2021年〜2022年にかけて南極のラングホブデLanghovde氷河で、氷河の底を調べる掘削調査等を行なった。(2022年撮影、提供:杉山慎 教授)2021年〜2022年にかけて南極のラングホブデLanghovde氷河で、氷河の底を調べる掘削調査等を行なった(2022年撮影、提供:杉山 慎 教授)
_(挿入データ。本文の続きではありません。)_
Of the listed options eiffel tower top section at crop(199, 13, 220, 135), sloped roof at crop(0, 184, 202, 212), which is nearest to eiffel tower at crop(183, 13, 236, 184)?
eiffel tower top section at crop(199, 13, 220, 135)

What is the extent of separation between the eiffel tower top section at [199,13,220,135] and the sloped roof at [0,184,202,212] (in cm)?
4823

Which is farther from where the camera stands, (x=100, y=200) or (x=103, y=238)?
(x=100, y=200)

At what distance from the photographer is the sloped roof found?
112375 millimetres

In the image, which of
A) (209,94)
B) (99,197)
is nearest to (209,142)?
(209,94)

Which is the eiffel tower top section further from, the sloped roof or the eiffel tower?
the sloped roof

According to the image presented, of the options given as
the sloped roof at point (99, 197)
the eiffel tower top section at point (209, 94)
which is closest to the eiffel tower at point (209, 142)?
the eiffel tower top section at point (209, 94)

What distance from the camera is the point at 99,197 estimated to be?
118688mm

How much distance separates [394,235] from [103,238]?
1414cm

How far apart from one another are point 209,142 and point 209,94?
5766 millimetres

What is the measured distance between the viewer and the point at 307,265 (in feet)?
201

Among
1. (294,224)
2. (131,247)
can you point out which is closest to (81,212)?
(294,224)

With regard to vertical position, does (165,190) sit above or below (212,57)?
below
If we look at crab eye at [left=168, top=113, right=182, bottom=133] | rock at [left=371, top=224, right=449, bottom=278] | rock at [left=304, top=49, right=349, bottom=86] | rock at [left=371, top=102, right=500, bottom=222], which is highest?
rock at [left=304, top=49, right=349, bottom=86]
最近進めている研究は、カービング氷河という海や湖に流れ込んでいる氷河の末端の調査で、なかでも私がやりたいと思っているのは氷河の底の研究です。氷河が地面が接する底面の状況で、氷の滑り方、氷の流れ方が変わります。また、氷河の解け水が、氷河の底を通ってどのように海へと流れるのかも関係してきます。南極では、氷床の下に大きな湖があることが発見されており、氷河・氷床の下はまだ解き明かされていない領域の一つと言えます。
氷河の末端が海や湖に流れ込む近くで、氷河の底がどうなっているのか、海とどのように繋がっているのか、カービング氷河の下に生き物はいるのかなど、たいへん興味があります。
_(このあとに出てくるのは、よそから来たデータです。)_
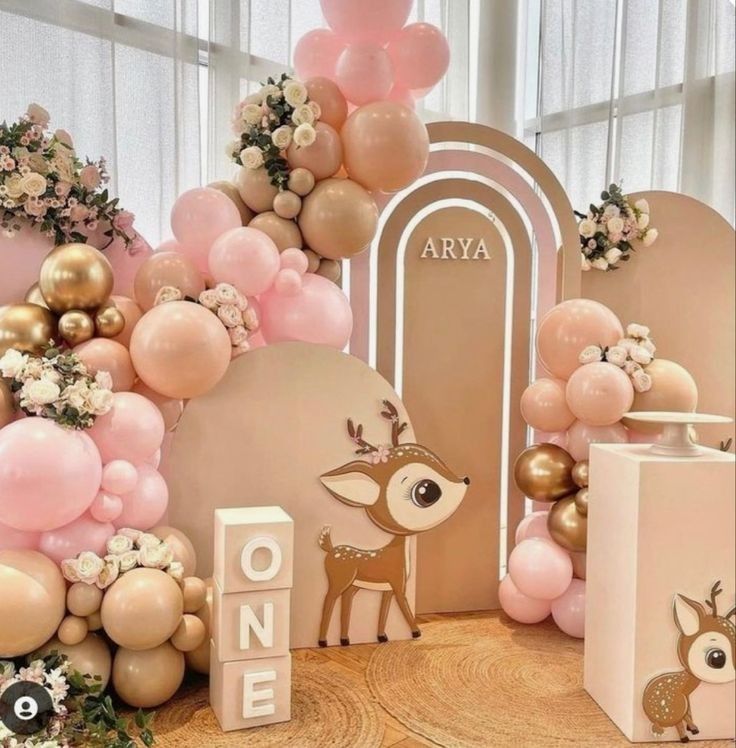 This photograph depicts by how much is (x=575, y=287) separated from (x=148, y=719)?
1935mm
熱水掘削調査によって氷河の底を調査している様子(提供:杉山慎 教授)熱水掘削調査によって氷河の底を調査している様子(提供:杉山 慎 教授)

専門領域を超え、さまざまなアプローチで研究に挑む

氷河・氷床の研究をきっかけに、さまざまなの分野の研究者とつながり、今、地球で何が起きているかが少しずつ見えてきました。氷河が融けることで現地の人々にどのような問題が起こるのかについても、社会科学の研究者に丸投げするのではなく、一緒に研究することが必要だと気づきました。今起きている気候の変化を的確に調べて伝えるだけでなく、自分の研究分野の枠を超えて、これから我々が何をすべきかを、さまざまなステークホルダーと一緒に考えなくてはなりません。
北海道大学では、北極や南極といった寒い地域での研究が歴史的に盛んに行なわれてきたことから、多様な分野の研究者と共に幅広い視野で研究ができることは大きな利点です。
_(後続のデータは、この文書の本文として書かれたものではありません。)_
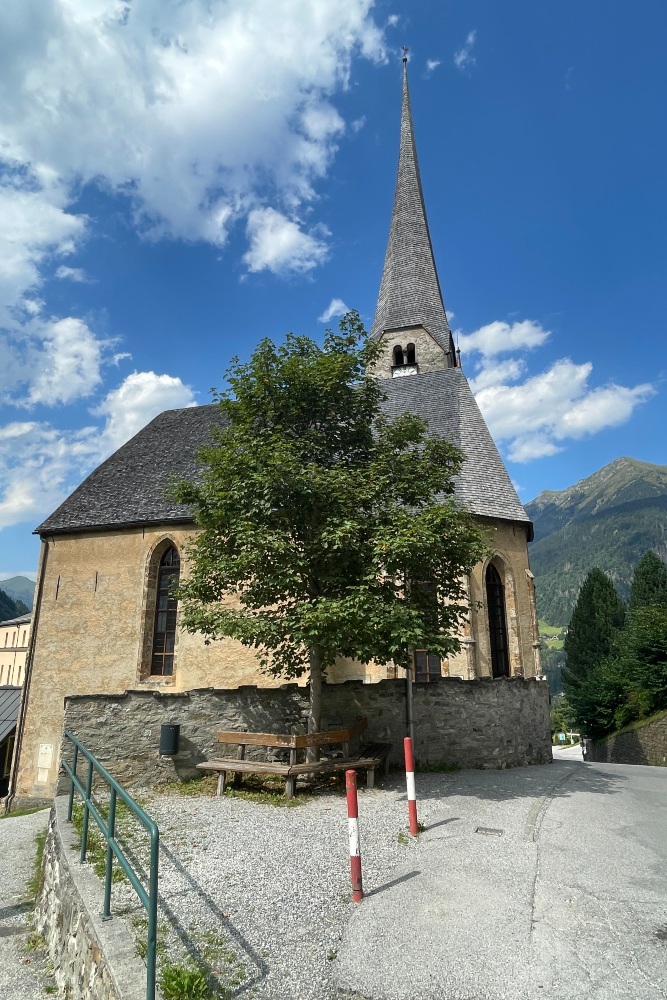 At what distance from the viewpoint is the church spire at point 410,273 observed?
3061 centimetres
グリーンランド西部のイルリサットにて。(2013年撮影、提供:杉山慎 教授)グリーンランド西部のイルリサットにて(2013年撮影、提供:杉山 慎 教授)

まずは氷河を観に現地に行って欲しい

気候だけでなく社会の変化も急激になり、10年、20年後にどのような社会に、環境になるのか展望が見えなくなってきました。若いみなさんに「将来、こうなるでしょうから、こういうことをぜひやってほしい」とは言いにくい。ただ、もし氷河の研究に興味があれば、ぜひ現地に行って氷河を観てください。
人工衛星から測定するだけでは見落としてしまうことがあり、先入観で全く違う説明をしてしまう危険性もあります。研究対象を宇宙から観たり、現地で観たりすることは、生物学で言えば、ひとつの生き物について生態を観たり、顕微鏡で細胞を覗いたり、遺伝子や分子で捉えようとすることに似ています。同じ観察対象をさまざまなアプローチで研究することはとても大事なことなのです。また、研究の技術も想像できないほど進化していくことでしょう。新しい技術を使った研究に挑戦し、その時のベストを尽くして欲しいと願っています。

【コラム】企業の研究者から、青年海外協力隊員を経て、大学の研究者へ

私は大学で物性物理学を学び、大学院修了後、群馬県にある企業に就職し光ファイバーの研究開発に従事しました。平日は研究に没頭し、週末は毎週のように近くの山へ。そのような生活をするうちに、自然や山に関する研究をしたいと考え始めました。そこで物性物理学の知識を氷に生かせると考えて、氷河の研究に挑戦しようと決めました。
会社を退職後、すぐには研究の道に進まず、2年間青年海外協力隊に参加し、ザンビア共和国で高等学校の理数科教員を勤めました。滞在していた2年間、英語で物理や数学の講義を毎日2、3コマ担当していました。日本語でも難しい微分積分や物理の運動方程式を、なんとか分かってもらおうと努力したことが、今の研究をわかりやすく説明しようとする意識につながったと感じています。

低温科学研究所の前で(撮影:広報課 学術国際広報担当 川本 真奈美)低温科学研究所の前で(撮影:広報課 学術国際広報担当 川本 真奈美)

ウェブ特集「気候変動に挑む」
氷河の底から探る、海洋・生物・社会への影響

[企画・制作]
北海道大学国際連携機構、社会共創部広報課学術国際広報担当
南波直樹(取材・撮影)
Aprilia Agatha Gunawan(撮影)
川本 真奈美(撮影)

[制作協力]
株式会社スペースタイム(文・動画編集)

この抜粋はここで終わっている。